For a working engineer doing reverse engineering — not defence — the relevance is that newer silicon is harder to glitch. Attacks against parts released in the last 2–3 years are typically harder than against parts from a decade ago.

When to choose FI vs. another approach

FI is the right tool when:

• The chip refuses to give up its secrets through normal channels.
• Debug is locked; flash is read-out-protected; no remote bug-class exploit exists.
• You have physical access to the device, can disassemble it without destroying it, and can remove decoupling capacitors.
• The attack target is not strong cryptography (use SCA for that), but a single conditional or fuse read.

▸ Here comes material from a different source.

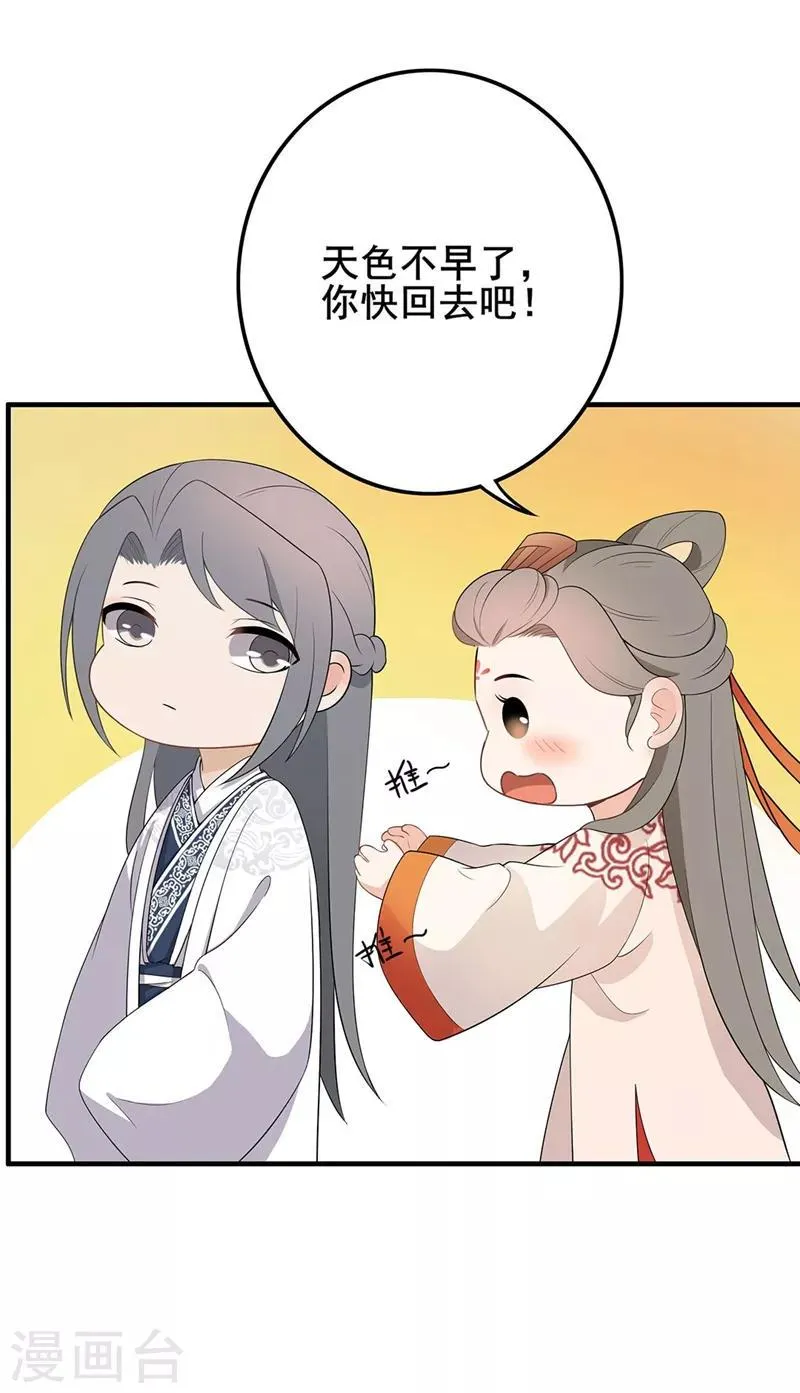 第81话 意料之中 第5页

FI is the wrong tool when:

• The chip you want to attack has only a few units in existence and bricking it is unacceptable.
• The secret is protected by a strong cryptographic computation that does not depend on a single branch decision.
• The chip has hardware glitch detection in production silicon.
• You only need to recover behaviour, not secrets — Chapter 21's dynamic-analysis approach is simpler.

Reading

The single best resource for getting started:

• Hardware Hacking Handbook by Colin O'Flynn and Jasper van Woudenberg (No Starch Press, 2021). Three chapters on FI plus several on SCA. The current canonical text. Already cited in Appendix D.

After that:

• ChipWhisperer documentation and Jupyter tutorials (https://chipwhisperer.readthedocs.io and the chipwhisperer/jupyter GitHub repo). Reproducible attacks against an Atmel/Microchip target you can buy and follow along with.
• LimitedResults blog (https://limitedresults.com) — particularly the ESP32 and nRF52 series.
• Kraken Security Labs blog — Trezor write-up and related hardware-wallet work.
• Riscure white papers (https://www.riscure.com/publications) — long-form treatments of SCA and FI from a professional services perspective.
• CHES (Cryptographic Hardware and Embedded Systems) conference proceedings — the academic state of the art for defence and attack on embedded crypto. Free via IACR.
• FDTC (Fault Diagnosis and Tolerance in Cryptography) workshop — narrower focus on FI specifically.